# WORK INSTRUCTIONS:
Copy the lines below exactly, starting at the one with "Beef fat in" and ending at the one with "Friends protest weapons at US base", and leave out any picture.

# RECORDS PROVIDED:

━━━━

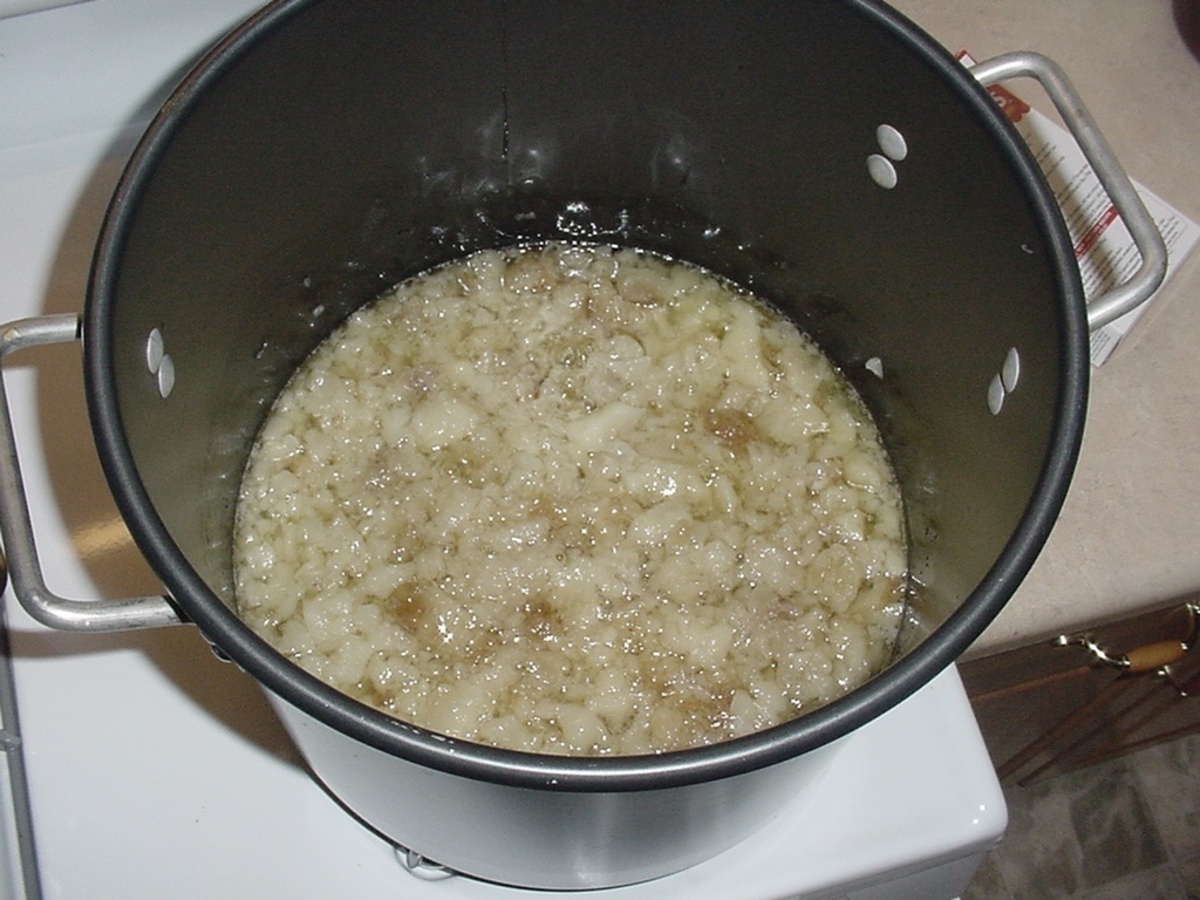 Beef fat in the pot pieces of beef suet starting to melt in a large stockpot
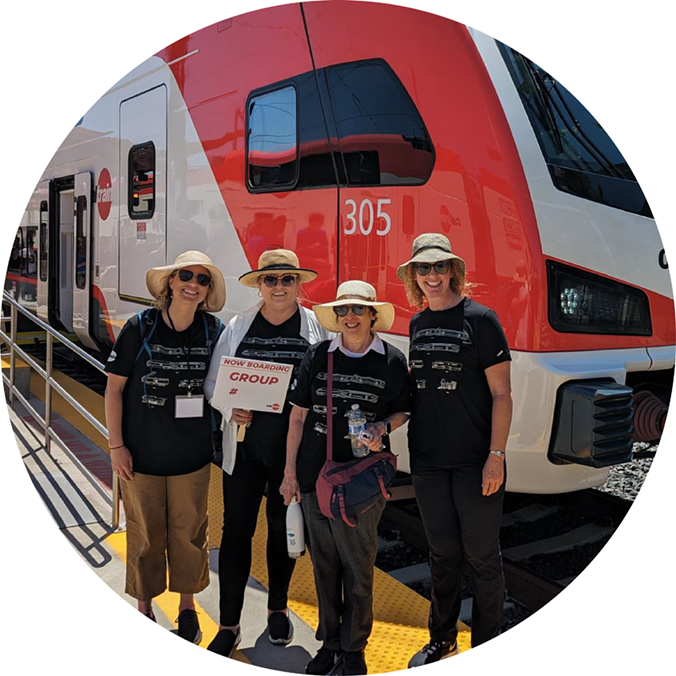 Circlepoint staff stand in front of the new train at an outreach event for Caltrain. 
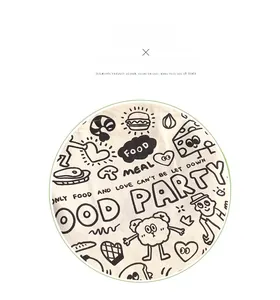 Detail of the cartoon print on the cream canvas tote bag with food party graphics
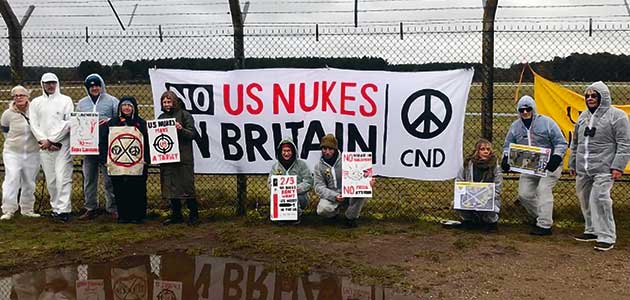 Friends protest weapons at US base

━━━━

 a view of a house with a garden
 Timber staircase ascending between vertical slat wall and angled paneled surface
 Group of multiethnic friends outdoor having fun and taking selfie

━━━━

# RESULT OF THE TASK:
 Beef fat in the pot pieces of beef suet starting to melt in a large stockpot
 Circlepoint staff stand in front of the new train at an outreach event for Caltrain. 
 Detail of the cartoon print on the cream canvas tote bag with food party graphics
 Friends protest weapons at US base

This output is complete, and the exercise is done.